In today’s highly sexualized world, is it possible to raise chaste Catholic men? Leila Miller argues that it is. While nothing is guaranteed in parenting due to our children’s free will, Miller offers no-nonsense advice for moms in the second edition of Raising Chaste Catholic Men: Practical Advice, Mom to Mom.
In the foreword, Fr. Dwight Longenecker argues that young men need a firm foundation in catechesis, self-discipline, and chastity. This book helps “young men navigate the perils of popular culture, pornography, gender confusion, and the complicated adventure of becoming strong, vital, and dynamic men.”
Solid Advice on Tough Topics
Miller is the mother of six sons and two daughters. In these pages she shares what she has learned on the journey. She wants you to know that “God has adequately equipped you to be an effective and fruitful parent. He has given you all the tools you need, and, with His grace, you can help your boys to be who He created them to be.”

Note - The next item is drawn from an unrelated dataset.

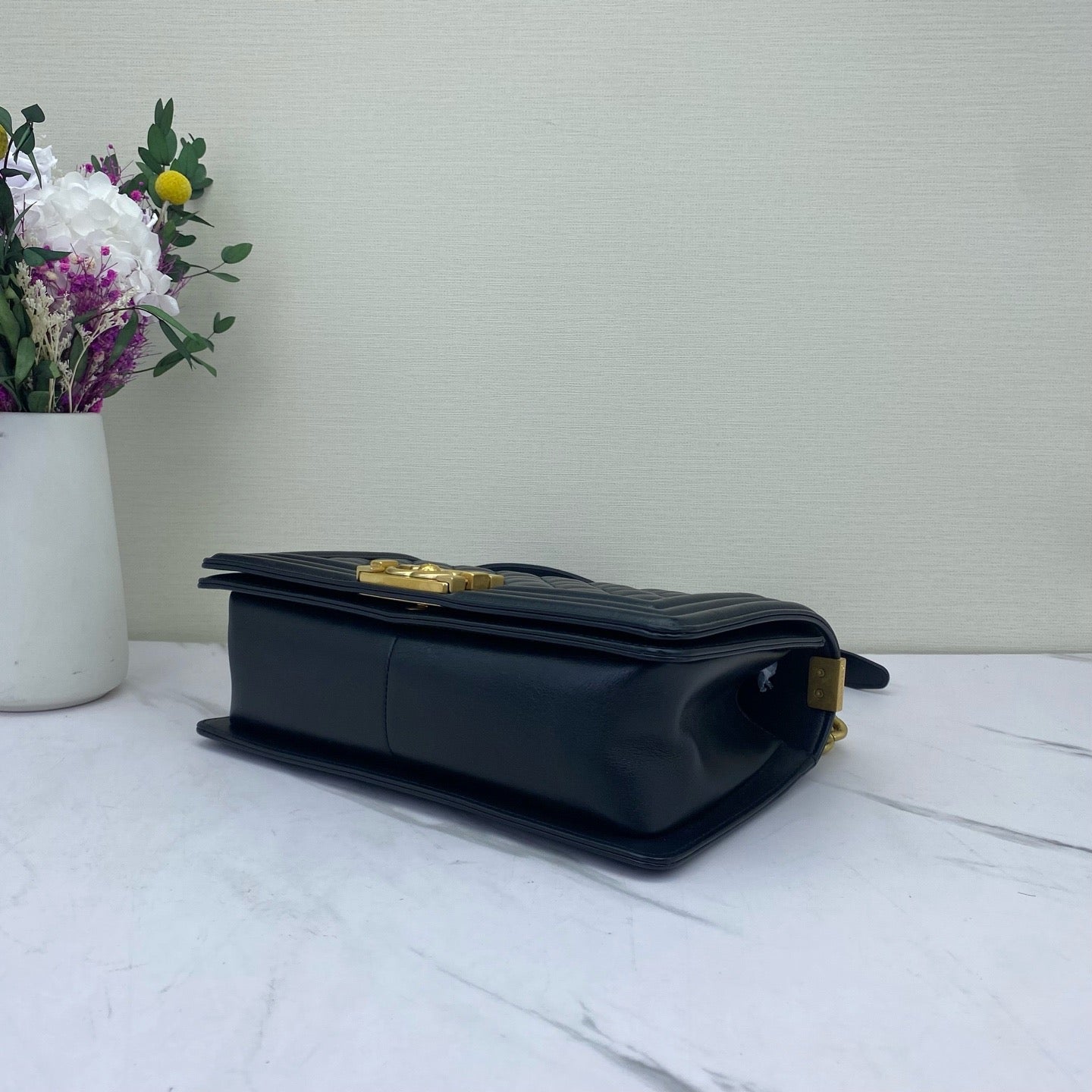 Chanel - Other - Leather - Black - (medium)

This book is designed for Catholic mothers who take their faith seriously, love God, are faithful to the teachings of the Magisterium, and accept the full Deposit of Faith. Miller maintains there are three keys to raising morally responsible kids: 1) Moral formation is the top priority; 2) What parents teach must make sense; and 3) Nothing is off limits for discussion.
Parents have a duty and obligation to teach their children about sex. If we don’t do it, the world will. We need to have strong relationships with our children so that they will feel comfortable discussing uncomfortable topics with us.

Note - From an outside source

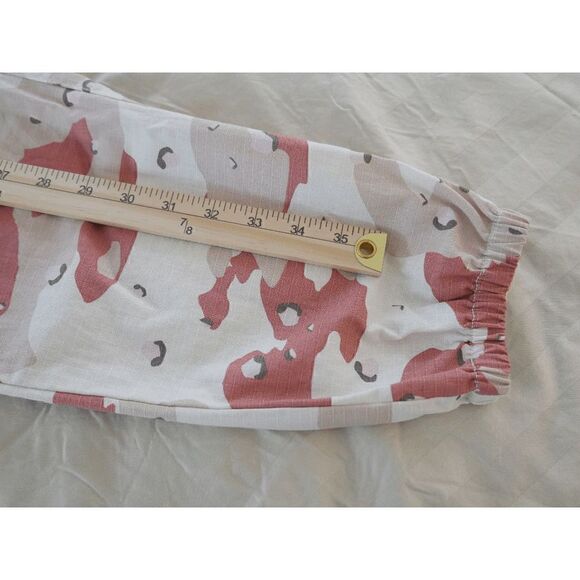 WILD FABLE | Camo Print High-Rise Cargo Size 2 - Picture 9 of 10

Miller offers good logically-based answers to questions our children might raise about sex, chastity, birth control, abortion, masturbation, same-sex relationships, and transgenderism. She emphasizes our need to raise our sons as boys. They should not be raised the same as their sisters. Boys and young men need battles to win. They need to “play the hero warrior, fight to protect the innocent, and defeat the bad guy.” We also need to encourage their God-given desire to marry and have children.

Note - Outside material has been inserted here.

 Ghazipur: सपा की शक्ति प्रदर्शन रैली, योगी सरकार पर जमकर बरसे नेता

Be in the World, But Not of It
Miller’s take on pop culture is refreshing. So many Catholic parents work to protect their children from all aspects of popular culture. While Miller acknowledges that her approach may not resonate with all readers, she does allow her children access to popular music, movies, and video games. Instead of banning all these items, she has conversations about them and encourages their responsible use. She argues that we need to be “in the world, not of it” and that popular culture is part of that world.
There is also a section in the book with advice from young men who are working to be chaste in our world and an afterward by Anthony Esolen directed toward young men struggling with same-sex attraction.
What if Your Children Make Poor Choices?
And what if, despite your best efforts, your sons make poor choices? Miller advises that you “continue to show affection and love to your child, no matter what he has done” without “accepting, condoning, enabling, or encouraging his sins.” Your job is to pray for your children and work on your own holiness.
Raising Chaste Catholic Men should be on the reading list of every Catholic mom bringing up boys. It tackles some of parenting’s toughest topics with wisdom, understanding, and practical suggestions.